13 Weeks to a Better Me – Challenge Week 1
It’s officially Day 1 for my 13 Weeks to a Better Me challenge, and boy, do I have a lot to do! (If you missed my first post where I introduced and explained the challenge, you can check it out here!)
To get started on this challenge, I have written a list of everything (I can think of right now!) that I feel needs improvement in my life, or maybe I’m just not doing right now and I think it would be wise or healthy to start. I’m always wishing, wishing, wishing for things to be a certain way, and I’m finally taking action to make them happen!
Write My List
The first step for the challenge, as I mentioned above, is to write my list. I could have used plain ol’ notebook paper to do this, it certainly wouldn’t have hurt anything, but I like to have pretty sheets for things like this, so I made a little printable.
My list is as follows:
- Drink 8+ glasses of water daily
- Exercise 3 times per week
- Create a morning routine
- Create an evening routine
- Meal plan every week
- Stick to our monthly budget
- Meal prep every week
- Start making freezer meals
- Follow my cleaning schedule
- Get my kids more scheduled
- Play with my kids more and enjoy them
- Walk with kids at least once per week – around the neighborhood or walk to the park
- Eliminate time wasters (mostly!) and use my time more wisely
- Create an effective quiet time routine
- Start doing daily devotions with the kids
- Cut down to 2-3 cups of coffee each day
You can see some of these items are not very specific or measurable – “start making freezer meals” as an example. How many freezer meals? How often am I making them? I’m not worrying about the specifics of each and every item right now – I’ll work on that when I get closer to tackling it! I’m just trying to write down things that I wish I did or I wish were different in my life.
With my list in hand, it’s time to prioritize. To do this, I’m considering two different aspects – 1. how quickly will I reap the benefits of this? and 2. how hard will it be to build the habit? Some things I want to start fairly early on in the 13 weeks so that I have that much more time to build the habit and make it second nature. Other things maybe won’t be as hard to build up the habit, but they are areas that will really be beneficial immediately.
And although I’ve numbered my list in order of priority, it does not necessarily mean I’ll follow it in that exact order throughout the 13 weeks, but it at least gives me a guideline.
Make My Schedule
Now that the list is done, I’m moving on to scheduling it out over the next 13 weeks so I can get it all done.

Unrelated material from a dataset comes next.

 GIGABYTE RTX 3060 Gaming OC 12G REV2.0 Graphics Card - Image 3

Again, I could have written this on notebook paper (and don’t get me wrong, I love writing in notebooks! I have about a million of them around my house) but there’s just something so nice about have a special printable, so I made one for this too!

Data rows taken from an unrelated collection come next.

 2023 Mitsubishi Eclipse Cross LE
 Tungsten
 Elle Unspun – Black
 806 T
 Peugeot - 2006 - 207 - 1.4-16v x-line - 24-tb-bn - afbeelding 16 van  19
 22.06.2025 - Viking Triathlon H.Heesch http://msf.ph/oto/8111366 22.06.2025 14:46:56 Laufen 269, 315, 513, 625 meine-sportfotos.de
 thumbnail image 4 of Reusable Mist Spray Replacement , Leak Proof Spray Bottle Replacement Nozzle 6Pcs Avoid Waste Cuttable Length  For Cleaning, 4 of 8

My goal was to tackle one task per week, but since I ended up with a list of 16 items, I had to double up a few weeks while making my schedule. This was fairly easy to do. I combined “create an effective quiet time routine” and “start doing daily devotions with the kids” since those items are very similar and shouldn’t be terribly difficult to implement.
I also combined “Meal plan every week” and “Start making freezer meals” since I’ll need to add my freezer meals to my meal plans anyway! I don’t think it will be overwhelming to start both of those in one week.
Here is my finished list and schedule!
So what is my Week 1 Challenge?
I chose “Drink 8+ glasses of water daily” for my first week’s task. You can head over here to read my post all about it, and don’t forget to subscribe and grab your free printable water tracker!
I’m adding these two 13 Weeks to a Better Me printables to my library (free for anyone who subscribes to my mailing list!) in case anyone else wants to follow the challenge with me!
Well, the kids are waking up from their naps and I have some water to go drink!